◆ **INFORMATION**:
# # # #

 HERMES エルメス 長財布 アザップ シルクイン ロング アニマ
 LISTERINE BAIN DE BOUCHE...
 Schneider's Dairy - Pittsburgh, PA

# # # #

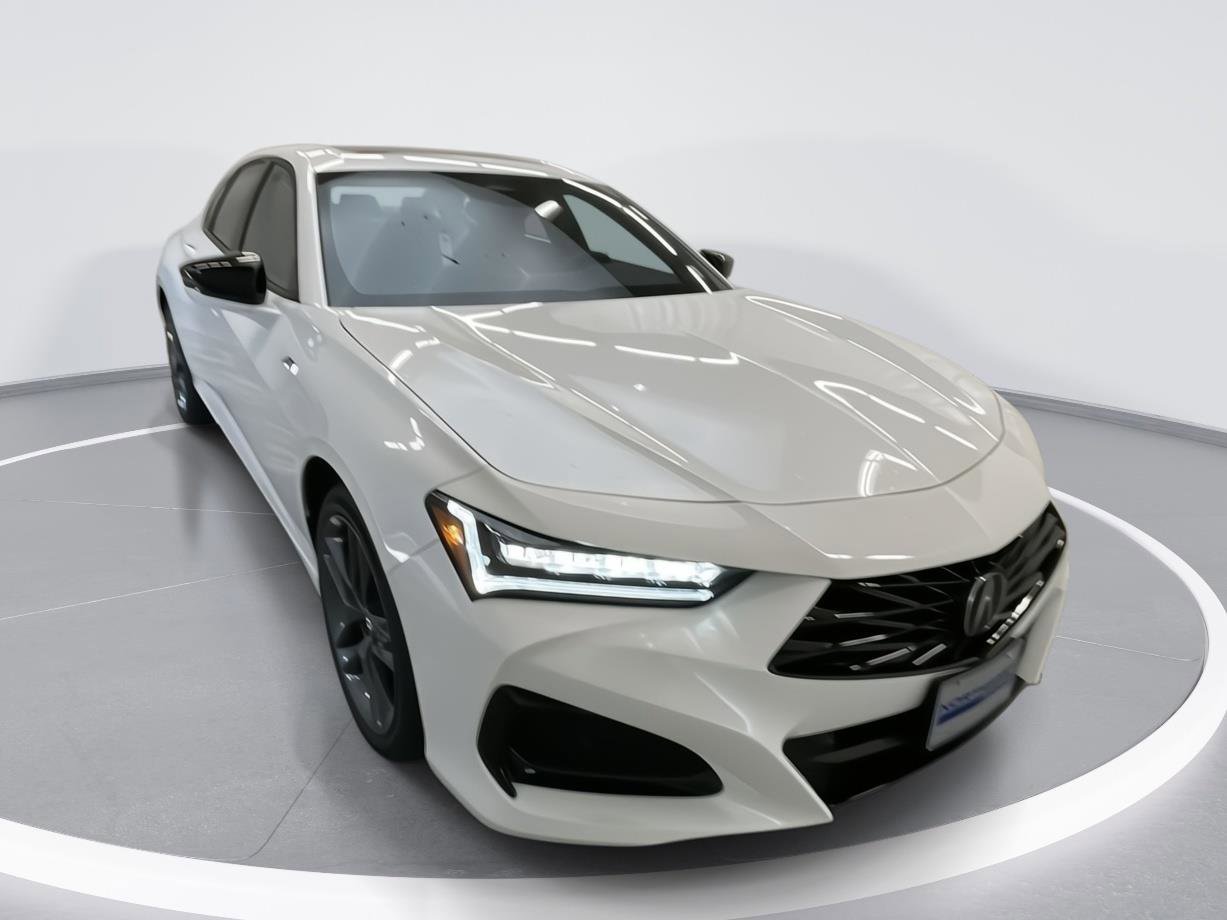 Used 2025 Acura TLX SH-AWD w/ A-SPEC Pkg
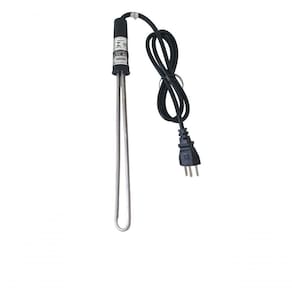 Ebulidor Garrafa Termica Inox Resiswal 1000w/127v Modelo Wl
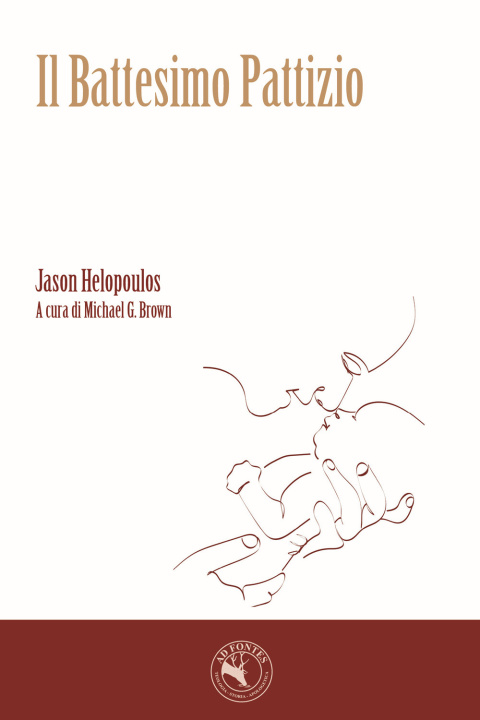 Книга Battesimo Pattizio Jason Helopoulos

# # # #

◆ **TASK DESCRIPTION**: Take the line above containing "HERMES エルメス 長財布 アザップ シルクイン ロング アニマ", the line containing "Schneider's Dairy - Pittsburgh, PA", and all lines in between, and copy them exactly without anything else.

◆ **RESULT OF THIS TASK**:
 HERMES エルメス 長財布 アザップ シルクイン ロング アニマ
 LISTERINE BAIN DE BOUCHE...
 Schneider's Dairy - Pittsburgh, PA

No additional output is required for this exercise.